# Homework 2 Part 1 - Behavior Cloning and Offline RL

***

Written by Albert Wilcox

In this homework, you'll implement DAgger and Implicit Q learning on the `halfcheetah-medium-replay-v2` task from the [D4RL benchmark](https://github.com/Farama-Foundation/D4RL).

In [None]:
%load_ext autoreload
%autoreload 2

In [None]:
import torch
import torch.nn as nn
import torch.nn.functional as F
from torch.optim import Adam
from torch.optim.lr_scheduler import CosineAnnealingLR

import gym
import numpy as np
from loguru import logger
import matplotlib.pyplot as plt
from IPython.display import Image
from tqdm import tqdm
import einops
import os
import copy

from src.utils import (
    get_device,
    set_seed,
    eval_policy,
    demo_policy,
    plot_returns,
    save_frames_as_gif,
    update_exponential_moving_average,
    return_range
)
from src.d4rl_dataset import D4RLSampler

plt.ion()

***

### Part 0 - Setting up D4RL and Dataset

The first step for training on the D4RL benchmark is to set up the environment. Unfortunately mujoco can be difficult to install. Run the following block to test your install. If you have any issues, Google is your friend :)

In [None]:
import d4rl

Next we need to initialize our environment and set the random seed for a variety of libraries in order to ensure determinism in our experiments.

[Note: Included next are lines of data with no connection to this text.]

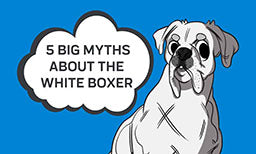 myths about white boxer
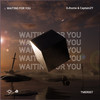 Waiting For You (Instrument Mix) - Alliance of Explorers&DJhome&CaptainZY&Time Records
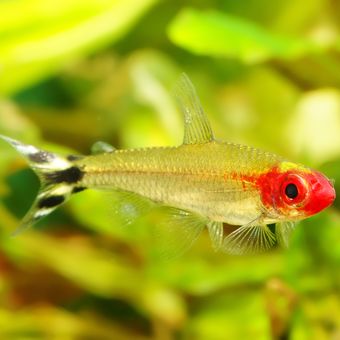 Ilustrasi ikan neon tetra jenis Rummy Nose Tetra.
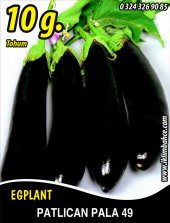 Patlıcan Tohumu Pala 49 - 10G (~ Takribi 1300 Tohum) thumbnail 1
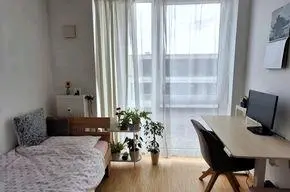 2 Zimmer Wohnung mit 20 m² in Mainz – Bild 2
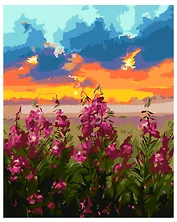 Набор для творчества LORI. Картина по номерам "Иван-чай"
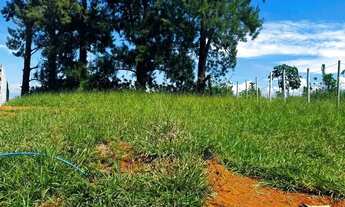 Imagem 6: Terreno amplo pronto para projeto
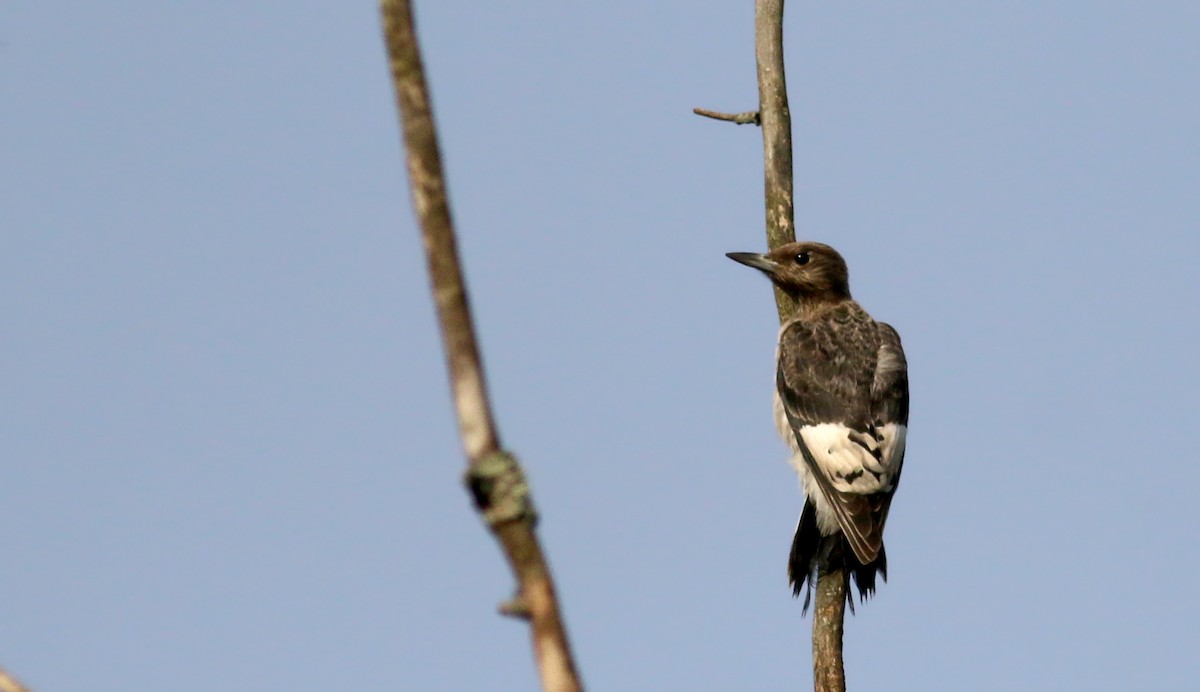 Red-headed Woodpecker - Jay McGowan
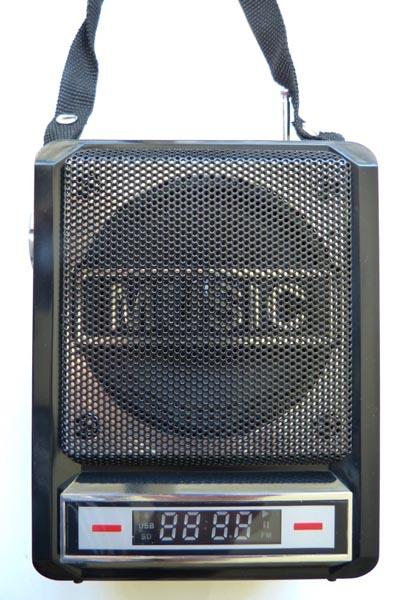 GOLDFULL — Portable FM Radio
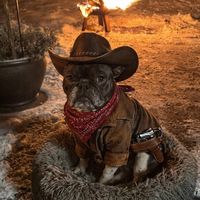merlinthefrenchieat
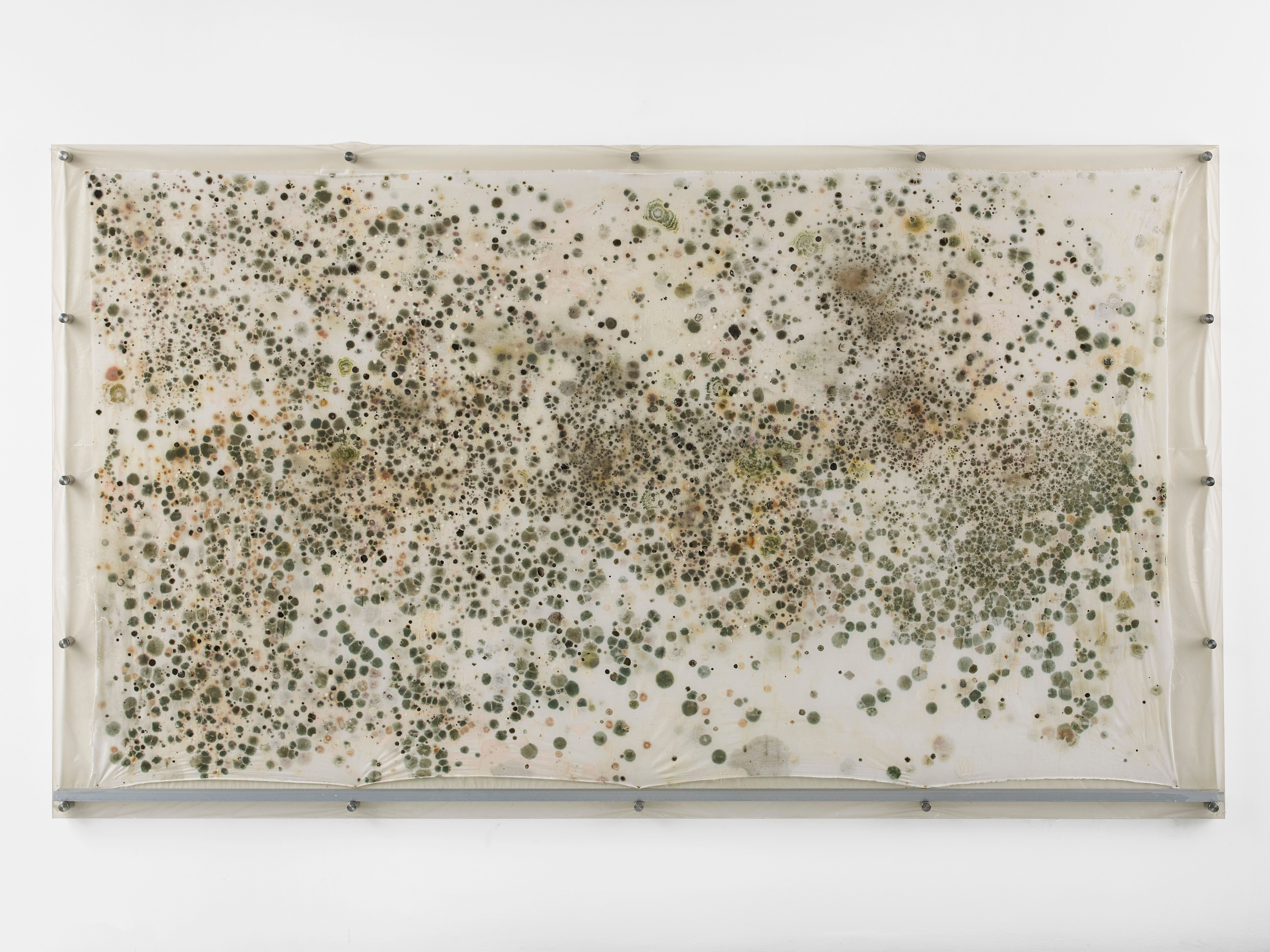 A biological artwork displaying a canvas filled with mold spots and organic patterns.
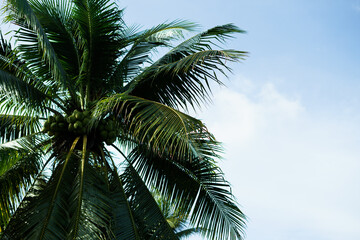 Obraz premium Coconut palm trees, beautiful tropical background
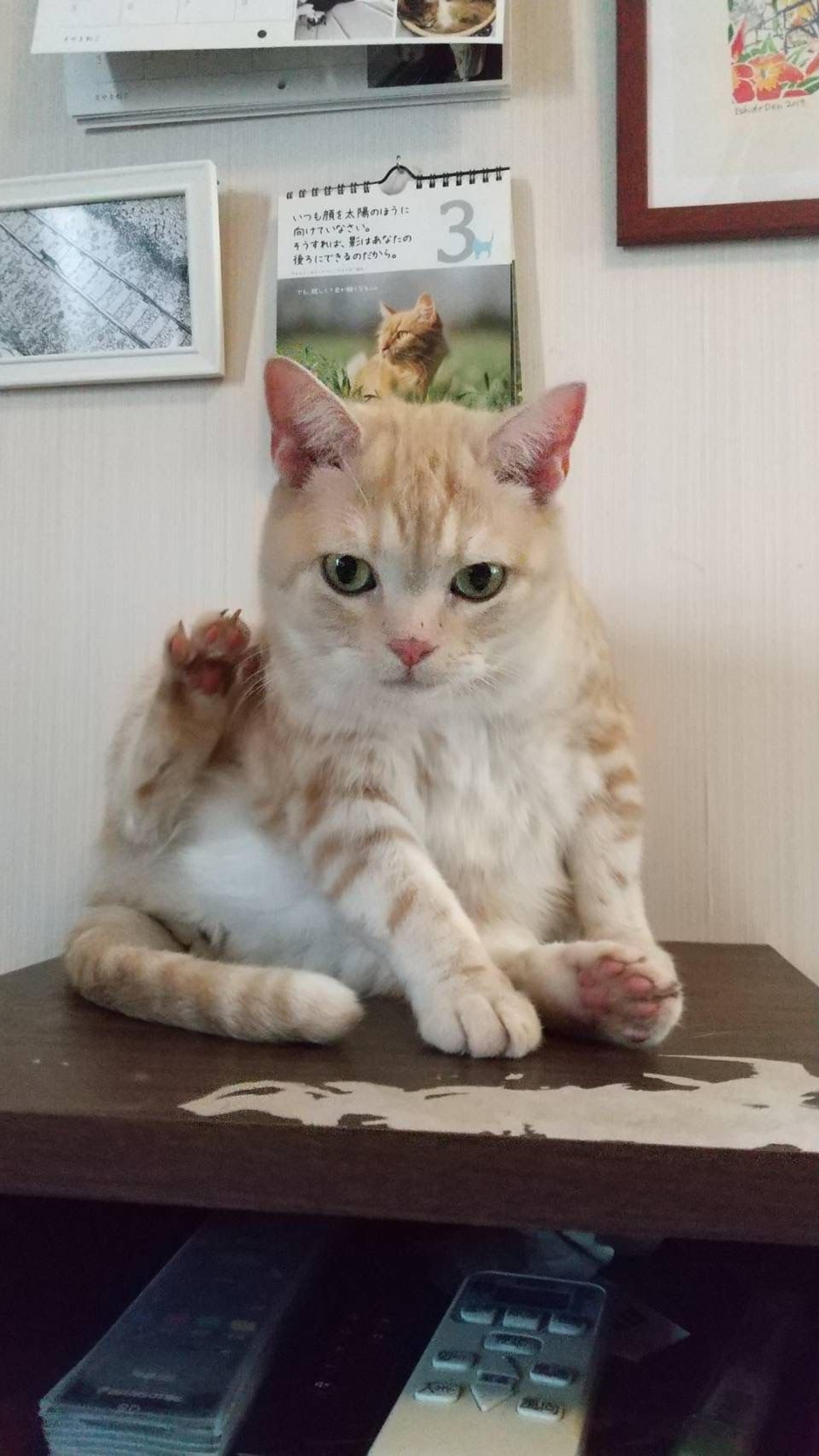 pet-image-2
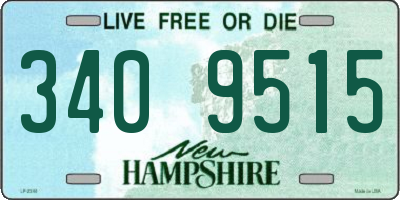 NH license plate 3409515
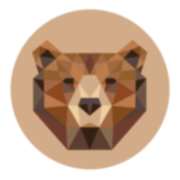 BearID Project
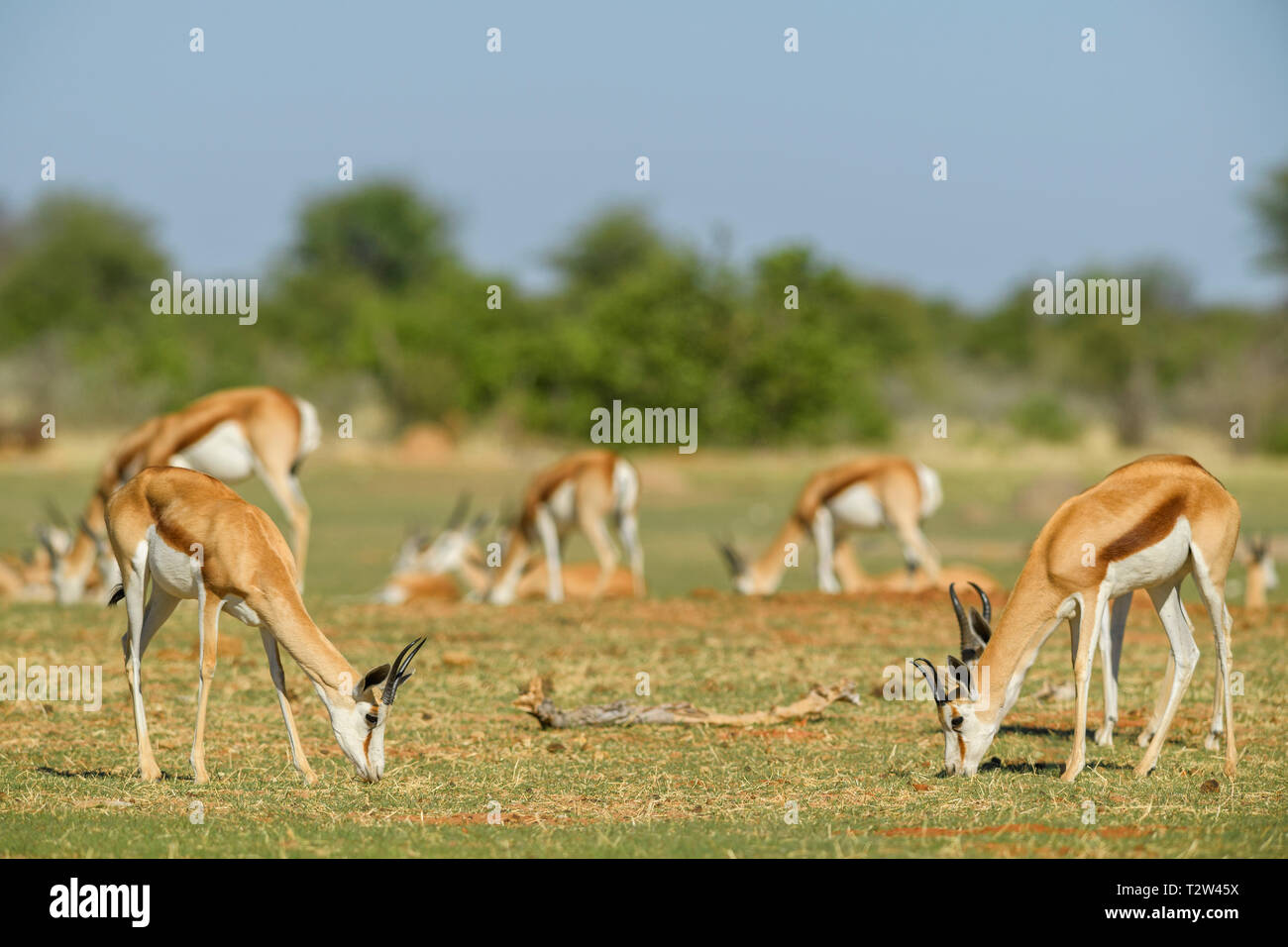 Antidorcas marsupialis Springbok - belle, antelop emblématique de l'Afrique australe de buissons et de plaines, Etosha National Park, Namibie. Banque D'Images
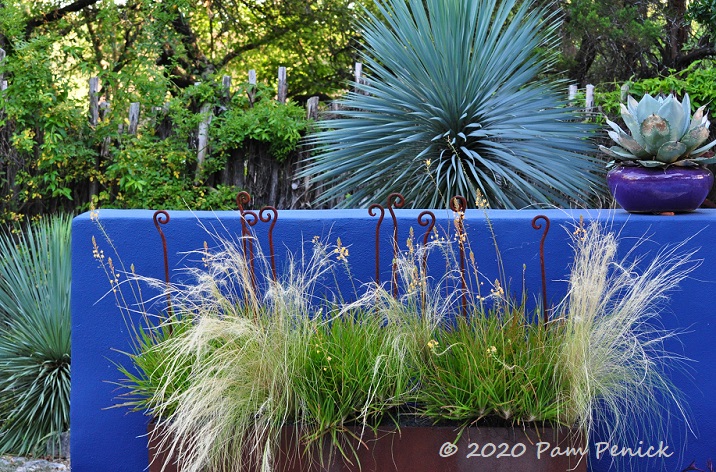 Cobalt garden wall views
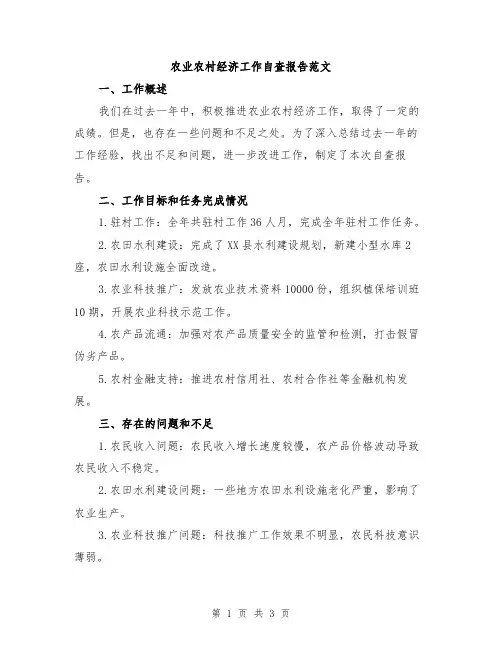 农业农村经济工作自查报告范文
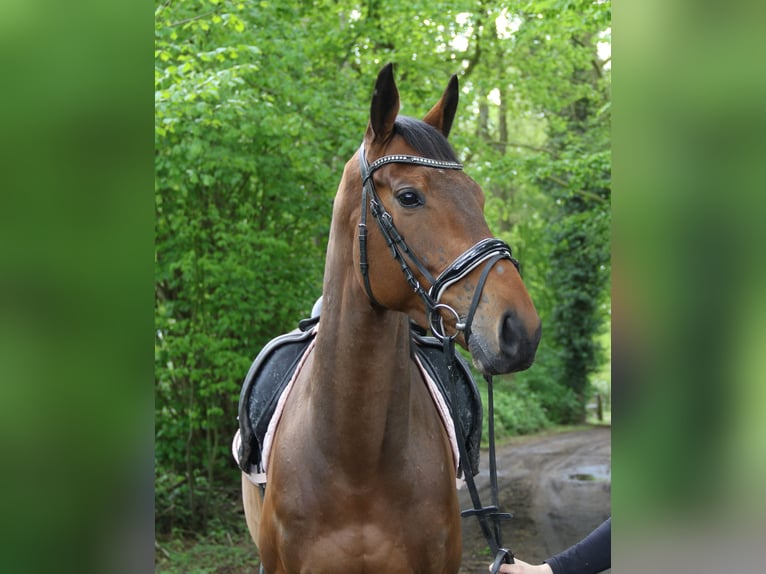 Irish sport horse Ruin 5 Jaar 160 cm Brauner in Nettetal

For this homework we'll be using the `halfcheetah-medium-replay-v2` environment. This environment involves training a two-legged cheetah to run, and comes with a dataset that consists of data from rolling out a suboptimal SAC agent and exploration data from the SAC replay buffer. Thus, it comes from a wide distribution of policies and contains a good amount of suboptimal data.

In [None]:
SEED: int = 42
ENVIRONMENT_NAME: str='halfcheetah-medium-replay-v2'

# torch related defaults
DEVICE = get_device()
torch.set_default_dtype(torch.float32)

# Use random seeds for reproducibility
set_seed(SEED)

# instantiate the environment
env = gym.make(ENVIRONMENT_NAME)

# get the state and action dimensions
action_dimension = env.action_space.shape[0]
state_dimension = env.observation_space.shape[0]

logger.info(f'Action Dimension: {action_dimension}')
logger.info(f'Action High: {env.action_space.high}')
logger.info(f'Action Low: {env.action_space.low}')
logger.info(f'State Dimension: {state_dimension}')


Next, we need a dataset. Luckily for us, D4RL provides datasets that are convenient to download and train on. Running the following command should download and cache the dataset and initialize a dataset object before printing out some useful information.

In [None]:
dataset = d4rl.qlearning_dataset(env)

logger.info(f'Dataset type: {type(dataset)}')
logger.info(f'Dataset keys: {dataset.keys()}')
logger.info(f'# Samples: {len(dataset["observations"])}')

In this cell we wrap the D4RL dataset in a sampler. You can comment out the lines at the bottom to make sure everything runs smoothly.

In [None]:

sampler = D4RLSampler(dataset, 256, DEVICE)

# Uncomment the following lines to iterate through the datset and make sure everything runs smoothly
# for _ in tqdm(sampler):
#     pass

### Part 1 - Behavior Cloning

In this part of the homework you'll implement behavior cloning.

Next, train a BC agent by minimizing the negative log likelihood (NLL) of the predicted distribution on datset actions.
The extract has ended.